UW doctoral student Lauren Stanton’s research was cited in a Mother Nature Network article, titled “The most mischievous animals are also the smartest.”
Wyo4News published UW’s release announcing next month’s Homecoming schedule, featuring Gov. Matt Mead and first lady Carol Mead as parade grand marshals. The Rock Springs radio station also published, on its website, UW Department of Theatre and Dance’s vertical dance at Vedauwoo.
A dialogue between notable Wyoming politicians focused on working together in today’s political climate, The Wyoming Tribune Eagle reported. The panel discussion was part of the UW Haub School of Environment and Natural Resources and Ruckelshaus Institute’s 25th anniversary.

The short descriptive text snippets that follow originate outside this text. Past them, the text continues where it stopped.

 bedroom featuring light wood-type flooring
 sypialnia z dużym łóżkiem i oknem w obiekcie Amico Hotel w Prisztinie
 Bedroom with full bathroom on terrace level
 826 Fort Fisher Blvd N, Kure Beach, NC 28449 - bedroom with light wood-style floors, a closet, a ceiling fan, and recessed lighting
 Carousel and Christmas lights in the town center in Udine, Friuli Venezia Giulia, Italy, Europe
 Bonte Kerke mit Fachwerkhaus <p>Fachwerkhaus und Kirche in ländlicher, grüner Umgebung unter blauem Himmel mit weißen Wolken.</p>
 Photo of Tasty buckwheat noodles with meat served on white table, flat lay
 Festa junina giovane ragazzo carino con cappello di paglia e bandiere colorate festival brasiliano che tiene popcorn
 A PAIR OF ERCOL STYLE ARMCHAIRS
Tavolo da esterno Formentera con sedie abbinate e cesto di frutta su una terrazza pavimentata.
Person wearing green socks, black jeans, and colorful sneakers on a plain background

< (Scottsbluff, Neb.) published an article quoting Kevin Monteith, assistant professor at UW’s Haub School of Environment and Natural Resources, about western Wyoming deer herd increases after harsh winters the last few years decimated the numbers.
The Wyoming State Geological Survey and UW’s Geological Museum are teaming up for events during Earth Science Week in October, K2 Radio reported.
Natural News quoted UW atmospheric science Professor Bart Geerts, who favored China’s efforts to generate artificial rain throughout the region of Tibet.
UW Assistant Professor Shane Murphy was interviewed for an Inside Climate News article detailing how wildfires this summer in North America, Europe and Siberia are affecting climate change.
K2 Radio reported that the Wyoming Cooperative Fish and Wildlife Research Unit at UW is assisting with a moose study in the Bighorn Mountains.